ABSTRACT
This study investigates three possible explanations of the link between Corporate Social Responsibility (CSR) expenditures and future financial performance for family firms: (i) CSR is an investment leading to better future financial performance, (ii) it is a form of firms’ charity, or (iii) it is undertaken when anticipating stronger future financial performance. It also examines whether the institutional environments have effects on this association. We show that family firms in coordinated market economies are characterised by stronger stakeholder relationship and CSR expenditures are undertaken in the current period to legitimate the business operations, as CSR will be financially rewarded in the future. However, firms in liberal market economies are motived by shareholder view to protect investors’ interests and avoid uncertainty and risks, and CSR expenditures are undertaken by linking them to anticipated future corporate performance, hereby corporate accountability reporting can assist outsiders to infer insiders’ private information about future financial prospects.
Disclosure statement
No potential conflict of interest was reported by the author.
Notes
1. Following Maury (2006) and Munari et al. (2010), this study assumes that a firm is considered under control if family holding at least 10% of the voting right.

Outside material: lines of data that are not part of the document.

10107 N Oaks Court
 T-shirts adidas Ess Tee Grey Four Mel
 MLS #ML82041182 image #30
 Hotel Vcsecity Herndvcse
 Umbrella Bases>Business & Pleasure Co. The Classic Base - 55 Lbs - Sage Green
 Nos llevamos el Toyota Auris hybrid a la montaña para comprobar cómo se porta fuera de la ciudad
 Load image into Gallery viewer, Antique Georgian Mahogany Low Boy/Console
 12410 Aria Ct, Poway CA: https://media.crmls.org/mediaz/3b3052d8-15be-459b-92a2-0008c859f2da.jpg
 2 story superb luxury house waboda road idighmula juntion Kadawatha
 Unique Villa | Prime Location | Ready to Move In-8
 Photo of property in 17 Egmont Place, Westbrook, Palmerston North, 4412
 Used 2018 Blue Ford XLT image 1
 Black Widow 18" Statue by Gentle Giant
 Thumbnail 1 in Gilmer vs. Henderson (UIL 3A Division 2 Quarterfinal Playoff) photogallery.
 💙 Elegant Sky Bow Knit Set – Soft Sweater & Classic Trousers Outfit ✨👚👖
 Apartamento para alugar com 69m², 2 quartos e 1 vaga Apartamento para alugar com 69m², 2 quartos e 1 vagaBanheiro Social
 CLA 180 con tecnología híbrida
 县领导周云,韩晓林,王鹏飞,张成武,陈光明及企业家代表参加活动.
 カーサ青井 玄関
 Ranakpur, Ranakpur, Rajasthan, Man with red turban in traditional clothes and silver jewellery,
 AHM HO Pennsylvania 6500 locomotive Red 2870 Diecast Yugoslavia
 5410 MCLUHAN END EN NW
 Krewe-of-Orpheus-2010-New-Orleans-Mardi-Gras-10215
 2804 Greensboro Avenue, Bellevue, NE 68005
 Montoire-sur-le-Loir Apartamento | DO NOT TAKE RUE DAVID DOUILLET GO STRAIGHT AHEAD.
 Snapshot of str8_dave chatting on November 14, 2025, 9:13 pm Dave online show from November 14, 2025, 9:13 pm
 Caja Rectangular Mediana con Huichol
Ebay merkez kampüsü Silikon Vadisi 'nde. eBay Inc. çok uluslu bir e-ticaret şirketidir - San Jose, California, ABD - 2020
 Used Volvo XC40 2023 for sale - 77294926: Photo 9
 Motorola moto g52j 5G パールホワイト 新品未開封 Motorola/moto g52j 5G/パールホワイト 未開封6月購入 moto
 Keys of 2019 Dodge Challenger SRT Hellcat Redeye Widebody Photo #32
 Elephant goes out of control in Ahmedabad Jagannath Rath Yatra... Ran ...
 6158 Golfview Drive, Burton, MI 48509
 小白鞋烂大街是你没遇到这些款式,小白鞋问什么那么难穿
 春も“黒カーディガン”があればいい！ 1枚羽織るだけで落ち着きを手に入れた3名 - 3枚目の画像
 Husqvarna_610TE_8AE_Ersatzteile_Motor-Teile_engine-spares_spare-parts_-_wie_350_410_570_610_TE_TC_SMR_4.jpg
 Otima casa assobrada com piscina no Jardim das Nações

2. The universe of this dataset includes over 7000 public global firms, covering all major indices such as MSCI World, MSCI Emerging Markets, NASDAQ 100, S&P 500, FTSE 250, STOXX 600, DAX, CAC40, ASX 300, SMI and Bovespa.
3. This paper also run the regression model with firm-level clustered errors, and the results are similar to those based on regression model adjusts standard errors by a two-dimensional cluster at the firm and year levels. For brevity, these results are not discussed or tabulated in the paper.